(Web page caption snippets)
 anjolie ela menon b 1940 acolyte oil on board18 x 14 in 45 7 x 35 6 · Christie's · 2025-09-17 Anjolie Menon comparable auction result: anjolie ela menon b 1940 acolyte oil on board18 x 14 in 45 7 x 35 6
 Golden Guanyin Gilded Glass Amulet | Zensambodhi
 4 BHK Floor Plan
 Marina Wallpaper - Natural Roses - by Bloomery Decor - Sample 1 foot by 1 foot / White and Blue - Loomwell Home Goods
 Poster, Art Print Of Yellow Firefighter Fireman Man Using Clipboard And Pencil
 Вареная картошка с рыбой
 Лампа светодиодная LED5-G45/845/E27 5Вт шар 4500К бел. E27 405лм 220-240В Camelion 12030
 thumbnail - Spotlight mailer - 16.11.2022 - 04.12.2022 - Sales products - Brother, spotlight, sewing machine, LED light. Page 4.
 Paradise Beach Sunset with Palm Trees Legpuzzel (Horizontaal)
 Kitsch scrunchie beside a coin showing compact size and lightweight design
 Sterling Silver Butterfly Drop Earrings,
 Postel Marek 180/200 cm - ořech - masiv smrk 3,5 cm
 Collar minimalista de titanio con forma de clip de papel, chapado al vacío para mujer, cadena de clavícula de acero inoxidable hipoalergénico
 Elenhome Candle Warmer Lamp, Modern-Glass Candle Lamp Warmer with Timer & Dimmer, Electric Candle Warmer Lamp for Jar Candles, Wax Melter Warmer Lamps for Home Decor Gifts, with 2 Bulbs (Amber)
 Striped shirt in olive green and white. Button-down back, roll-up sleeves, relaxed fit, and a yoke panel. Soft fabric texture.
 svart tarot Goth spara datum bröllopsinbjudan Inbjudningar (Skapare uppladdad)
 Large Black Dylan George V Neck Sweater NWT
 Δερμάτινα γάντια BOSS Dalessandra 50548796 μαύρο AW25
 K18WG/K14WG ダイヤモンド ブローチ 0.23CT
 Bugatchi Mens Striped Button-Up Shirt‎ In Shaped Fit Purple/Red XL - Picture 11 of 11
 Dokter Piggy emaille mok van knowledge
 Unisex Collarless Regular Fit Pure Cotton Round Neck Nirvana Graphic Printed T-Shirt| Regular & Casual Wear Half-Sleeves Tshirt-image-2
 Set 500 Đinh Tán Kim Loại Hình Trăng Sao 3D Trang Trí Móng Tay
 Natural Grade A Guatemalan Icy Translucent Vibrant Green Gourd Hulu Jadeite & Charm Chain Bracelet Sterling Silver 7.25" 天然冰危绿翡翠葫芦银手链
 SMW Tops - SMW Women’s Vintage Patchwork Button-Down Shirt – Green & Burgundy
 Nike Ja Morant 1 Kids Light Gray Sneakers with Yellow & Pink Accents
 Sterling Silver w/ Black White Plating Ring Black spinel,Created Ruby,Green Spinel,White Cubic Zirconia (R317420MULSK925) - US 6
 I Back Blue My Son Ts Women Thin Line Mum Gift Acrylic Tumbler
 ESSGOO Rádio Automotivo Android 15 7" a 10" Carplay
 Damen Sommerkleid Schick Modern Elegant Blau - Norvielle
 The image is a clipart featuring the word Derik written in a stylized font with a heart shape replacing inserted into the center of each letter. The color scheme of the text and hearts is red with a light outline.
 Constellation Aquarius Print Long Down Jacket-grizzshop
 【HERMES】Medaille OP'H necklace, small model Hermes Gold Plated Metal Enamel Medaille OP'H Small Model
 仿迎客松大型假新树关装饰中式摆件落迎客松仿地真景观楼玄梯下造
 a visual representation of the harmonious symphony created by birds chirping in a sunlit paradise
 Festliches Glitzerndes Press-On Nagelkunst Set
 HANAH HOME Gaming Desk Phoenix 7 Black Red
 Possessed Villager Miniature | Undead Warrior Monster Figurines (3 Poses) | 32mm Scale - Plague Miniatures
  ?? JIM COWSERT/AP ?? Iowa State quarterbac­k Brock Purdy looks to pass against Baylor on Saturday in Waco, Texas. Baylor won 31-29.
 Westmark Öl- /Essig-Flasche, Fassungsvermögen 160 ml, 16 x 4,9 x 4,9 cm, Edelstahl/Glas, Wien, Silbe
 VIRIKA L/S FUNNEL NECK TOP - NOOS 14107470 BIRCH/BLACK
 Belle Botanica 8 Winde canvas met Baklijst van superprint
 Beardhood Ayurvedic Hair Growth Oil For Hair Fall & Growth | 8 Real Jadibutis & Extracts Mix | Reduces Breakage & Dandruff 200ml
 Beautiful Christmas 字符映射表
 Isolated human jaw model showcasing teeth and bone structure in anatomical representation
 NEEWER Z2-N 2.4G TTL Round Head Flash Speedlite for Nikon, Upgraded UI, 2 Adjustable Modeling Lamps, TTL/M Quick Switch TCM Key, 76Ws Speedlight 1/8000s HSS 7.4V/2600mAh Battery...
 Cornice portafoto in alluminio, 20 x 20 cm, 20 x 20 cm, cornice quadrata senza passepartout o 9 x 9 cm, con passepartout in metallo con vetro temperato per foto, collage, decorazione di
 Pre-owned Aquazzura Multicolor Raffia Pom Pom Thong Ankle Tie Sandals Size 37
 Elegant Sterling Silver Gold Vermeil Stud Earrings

## What is expected
All that is wanted is the set of lines from the one with "Westmark Öl- /Essig-Flasche, Fassungsvermögen" through the last line of the entries, both included, output exactly.

## Exercise solution
 Westmark Öl- /Essig-Flasche, Fassungsvermögen 160 ml, 16 x 4,9 x 4,9 cm, Edelstahl/Glas, Wien, Silbe
 VIRIKA L/S FUNNEL NECK TOP - NOOS 14107470 BIRCH/BLACK
 Belle Botanica 8 Winde canvas met Baklijst van superprint
 Beardhood Ayurvedic Hair Growth Oil For Hair Fall & Growth | 8 Real Jadibutis & Extracts Mix | Reduces Breakage & Dandruff 200ml
 Beautiful Christmas 字符映射表
 Isolated human jaw model showcasing teeth and bone structure in anatomical representation
 NEEWER Z2-N 2.4G TTL Round Head Flash Speedlite for Nikon, Upgraded UI, 2 Adjustable Modeling Lamps, TTL/M Quick Switch TCM Key, 76Ws Speedlight 1/8000s HSS 7.4V/2600mAh Battery...
 Cornice portafoto in alluminio, 20 x 20 cm, 20 x 20 cm, cornice quadrata senza passepartout o 9 x 9 cm, con passepartout in metallo con vetro temperato per foto, collage, decorazione di
 Pre-owned Aquazzura Multicolor Raffia Pom Pom Thong Ankle Tie Sandals Size 37
 Elegant Sterling Silver Gold Vermeil Stud Earrings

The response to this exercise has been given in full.